Совпадение «частных воль», торжество элементарных устремлений стало, по его мысли, единственной причиной столкновения Франции и России. Так и должно было быть согласно представлениям художника. В последних томах романа Толстой часто, очень часто видел в событиях 1812 г. исполнение некоей высшей воли, божественной воли. Но эта воля все-таки рожделась не на Небе, а на земле, в бесчисленных сочетаниях жизненных проявлений. Божеством, как бы ни называл ее писатель, становилась тут сама жизнь, приводящий ее в движение некий всеобщий «нерв бытия», а вовсе не лично существующий Бог-Вседержитель, предписавший миру духовные законы, столь же обязательные, как законы физики, химии, биологии. «Нет в мире виноватых», – сказал Толстой на страницах дневника за несколько месяцев до начала работы над «Войной и миром». Христианские понятия греха, искушения, соблазна очень часто оказывались в «Войне и мире» как бы недействительными.

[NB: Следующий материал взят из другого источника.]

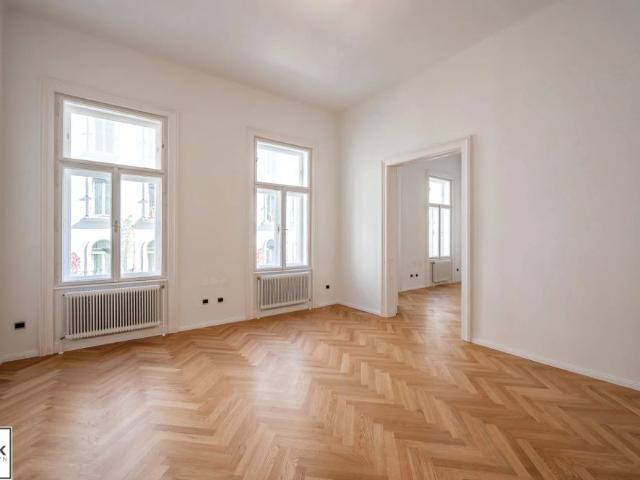 Altbauflair trifft Citynähe: schöne 4 Zimmer Wohnung in beliebter Lage Zweitbezug nach Sanierung bezugsfertig 1.10.2026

Увидеть, почему в пределах такой философии воля одних была агрессивной, вела к захвату и убийству, а воля других выглядела мирной, созидательной оказывалось до конца невозможным. Если в мире нет виноватых, то правы были и французы. Не их вина, что они вступили в русские пределы, так распорядилось божество – живая жизнь. Почему же Толстой видел в наполеоновском нашествии силу все-таки враждебную жизни, говорил о ней совсем иначе, чем о русском народе? Только потому, что сам он был русским? И разве французы не были счастливы на Поклонной горе при виде сияющих московских куполов? Почему же они вопреки толстовскому утверждению: «Кто счастлив – тот прав» все-таки не были правы?

Художник пытался, но так и не мог согласовать несогласуемое. Для этого требовалось «пошатнуть» столь дорогую ему религию естественной жизни, найти другую, более надежную, точку опоры. Это означало написать новый роман. Нечто подобное, уже на материале современности, Толстой совершит в 1870 гг., когда возникнет «Анна Каренина». В 1860 гг. он увлеченно следовал избранной логике и она, заодно с парадоксами, приносила до сих пор невиданные творческие плоды. Собственно, эти парадоксы и стали залогом толстовского, не имеющего себе равных, «магического» реализма во всем, что касалось эмоционально и психологически уловимых сторон подлинного бытия.

 


* Гулин А.В. «Прелесть» и ужас войны в «Войне и мире» Л.Н.Толстого // Филология в системе современного университетского образования. Вып. 5. М., 2002. С. 157 – 163. Статья выполнена при поддержке Российского гуманитарного научного фонда.